И еще одно свойство французского словаря способно попортить кровь переводчикам. Это свойство — статичность. В одном из писем к Рильке Марина Цветаева писала: “Немецкий продолжает создаваться читателем — вновь и вновь — бесконечно. Французский — уже создан. Немецкий становится, французский — существует. Язык <…> неблагодарный для поэтов <…>. Почти невозможный язык <…>”. Статичность наглядно проявляется в отсутствии потенциальных слов — таких, которые не фигурируют в словаре, но без труда воспринимаются читателем (например, “криветь”, “бездревесность”, “недоразвиток”). Спрашивается, как на язык, не способный производить потенциальные слова, перевести “Бабочку” Мандельштама, где бабочка именуется “жизняночка и умиранка” и “с большими усами кусава”? А как передать “Он один и бабачит и тычет”?

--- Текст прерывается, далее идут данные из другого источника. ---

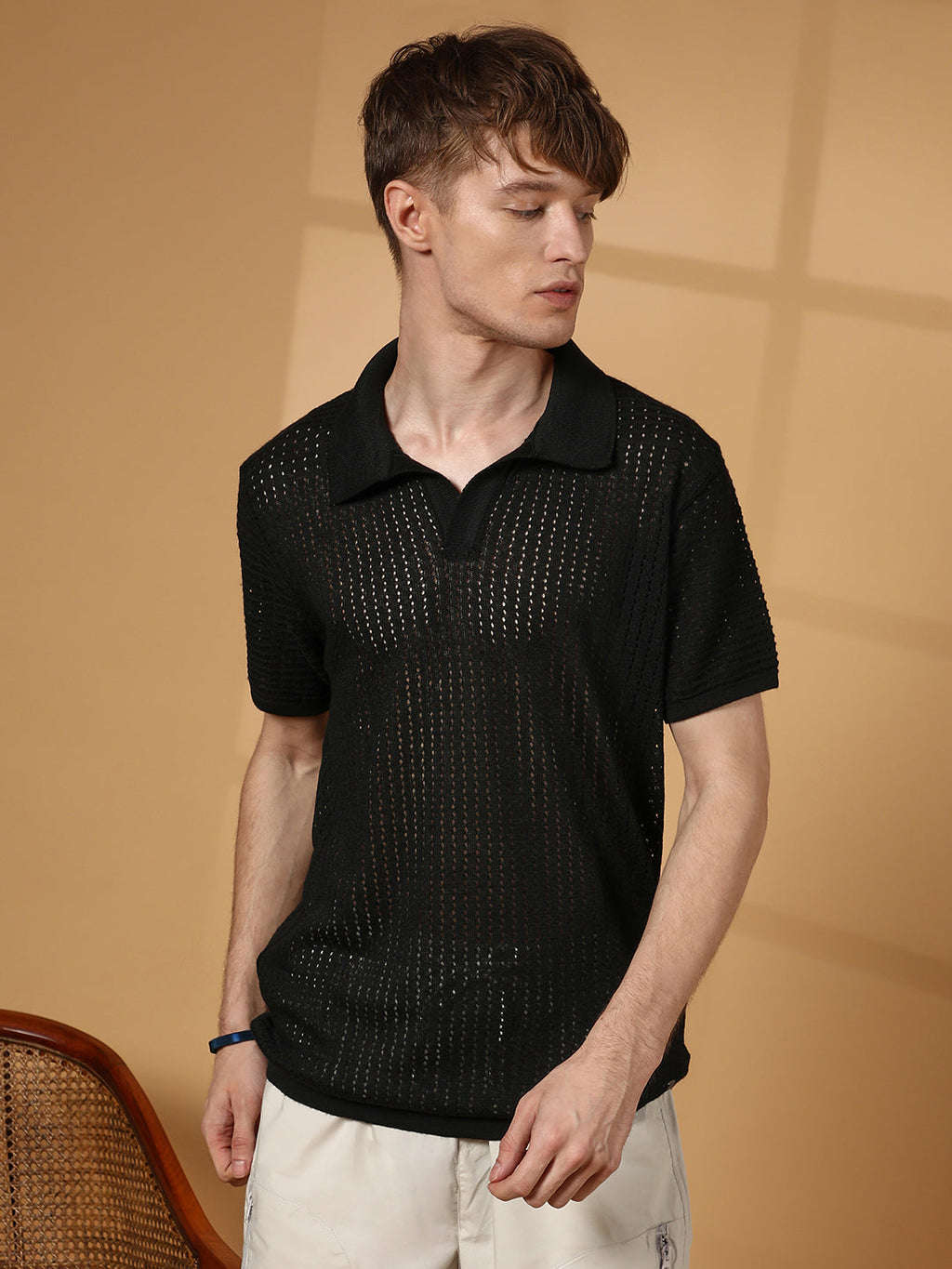 Campus Sutra Textured-Knit Polo T-Shirt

И наконец, последнее замечание такого рода. Для русского языка очень характерны безличные конструкции, в которых субъект состояния либо обозначается дательным падежом, либо вовсе отсутствует: “(Мне) стыдно, грустно, весело, жалко” и т.п., при том что вполне допустимо сказать “Я стыжусь, грущу, радуюсь, жалею”; сравним еще: “Мне не спится, не читается, (не) хочется, (не) верится…” и “Не могу спать, читать, (не) хочу, (не) верю…”. Такие безличные конструкции отличаются от личных тем, что состояние мыслится как нечто стихийное, не зависящее от воли субъекта, что-то такое, с чем субъект не может справиться и за что он не несет ответственности (в пристрастии к таким оборотам нередко усматривают проявление характерной черты русского национального характера) .
В современном французском подобные конструкции есть, но их очень мало. Из широко употребительных — “(Мне) нужно”, “(Мне) кажется”, “(Мне) трудно/легко” (что-то сделать), и, пожалуй, все. Как же перевести Лермонтова — “И скучно, и грустно, и некому руку подать…” или “И верится, и плачется, / И так легко, легко…”?
Конечно, опыт и талант помогают порой восполнить такие вынужденные потери. Но в целом, видимо, нельзя не признать — опираясь и на лингвистическую теорию, и на переводческую практику, — что французский язык нередко задает переводчику неразрешимые задачи, что приводит в конечном счете к стилистическому, а иногда и смысловому обеднению текста. Как ни грустно, но это, по-видимому, общий закон: либо обеднение, либо отход от оригинала. А чаще всего — то и другое одновременно. Сказанное ни в коей мере не может служить аргументом в пользу перевода стихов прозой хотя бы потому, что прозаический перевод стихотворного текста, лишь минимально облегчая переводчику борьбу с указанными трудностями, заведомо влечет за собой еще большие утраты, поскольку, как многократно писал Эткинд и многие до него, поэтическое содержание немыслимо вне поэтической формы.
Подведем некоторые итоги. Не все переводы, выполненные под руководством Е. Г. Эткинда, и далеко не все из ранее выполненных работ, которые он отобрал, могут считаться образцовыми. Виноваты в этом не только переводчики, но и… французский язык. Однако вряд ли будет преувеличением сказать, что стараниями Е. Г. Эткинда Пушкин, Лермонтов и еще 148 русских поэтов впервые прозвучали так громко и так внятно на французском языке, впервые французский читатель получил возможность более или менее обоснованно судить о русской поэзии. И еще один вопрос, на который отсюда, из Петербурга, ответить трудно: привела ли деятельность Ефима Григорьевича к реформе стихотворного перевода во Франции? Знаю только, что в 1996 году Жан-Луи Бакес опубликовал свой перевод “Евгения Онегина” — без рифмы.